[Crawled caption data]

_____

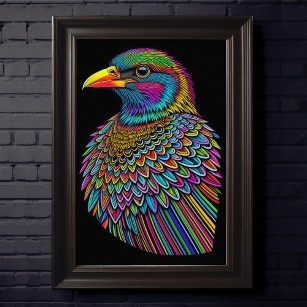 Affiche Dessin coloré Abstrait d'un oiseau 2:3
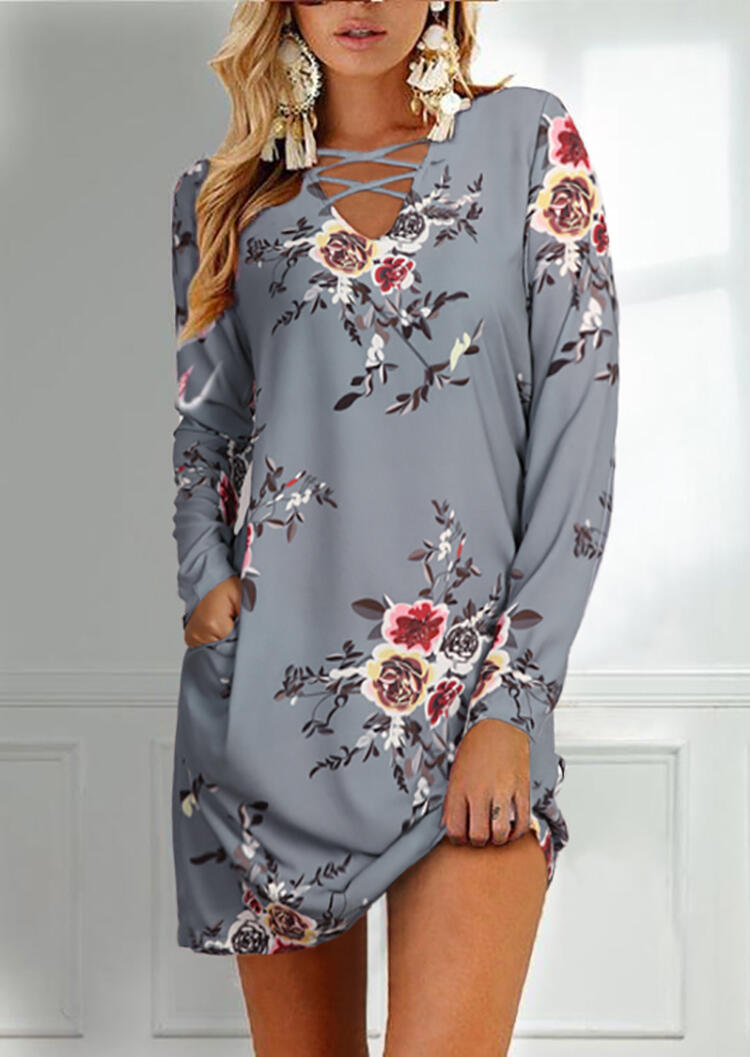 Floral Lace Up Pocket Mini Dress – Gray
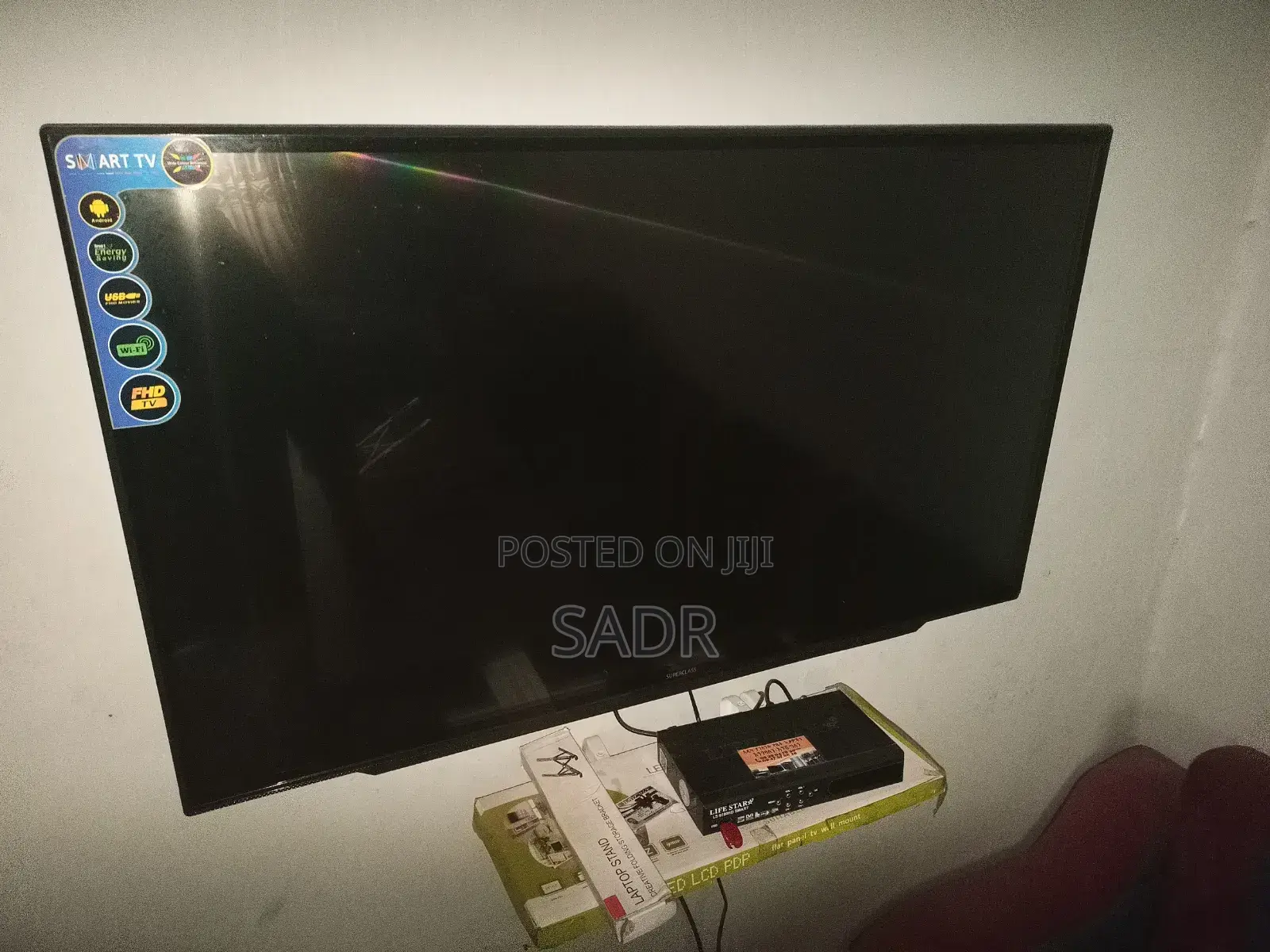 This Is Double Screen 43 Inch TV With Remote, Decoder and Wall Mount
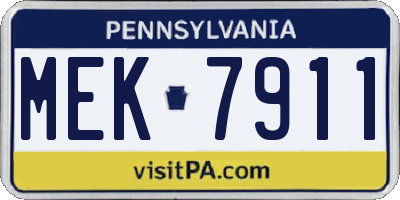 PA license plate MEK7911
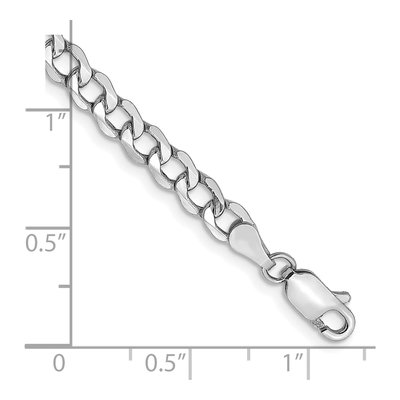14K White Gold 4.3mm Semi-Solid Curb Chain Bracelet – view 3
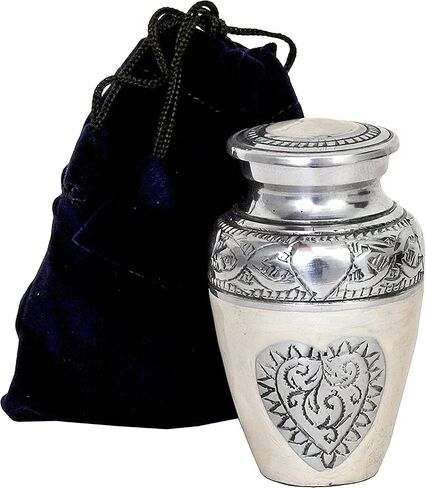 HLC URNS Lovely Keepsake Urn – Silver Heart Small Keepsake Qnty 1 - Keepsake Urn for Human Ashes with 1 Velvet Box Bag-Mini Keepsake Urn - Affordable Keepsake Urn (3 cu.in) in Saudi Arabia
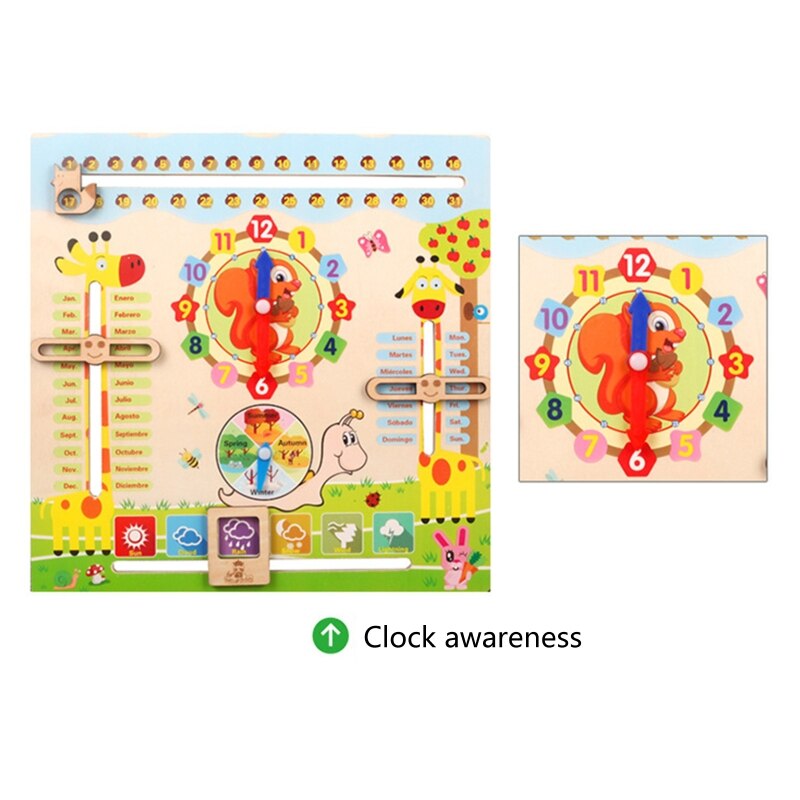 Educatief Speelgoed Voor 3 Jaar Oud, Leren Klok Voor Kinderen, Alle Ongeveer Vandaag Board, onderwijs Tijd Maandelijkse Kalender, Houten Speelgoed Mon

_____

**What you should do**
Omit the pictures, then output every record exactly as given.

**Exercise result**
 Affiche Dessin coloré Abstrait d'un oiseau 2:3
 Floral Lace Up Pocket Mini Dress – Gray
 This Is Double Screen 43 Inch TV With Remote, Decoder and Wall Mount
 PA license plate MEK7911
14K White Gold 4.3mm Semi-Solid Curb Chain Bracelet – view 3
 HLC URNS Lovely Keepsake Urn – Silver Heart Small Keepsake Qnty 1 - Keepsake Urn for Human Ashes with 1 Velvet Box Bag-Mini Keepsake Urn - Affordable Keepsake Urn (3 cu.in) in Saudi Arabia
 Educatief Speelgoed Voor 3 Jaar Oud, Leren Klok Voor Kinderen, Alle Ongeveer Vandaag Board, onderwijs Tijd Maandelijkse Kalender, Houten Speelgoed Mon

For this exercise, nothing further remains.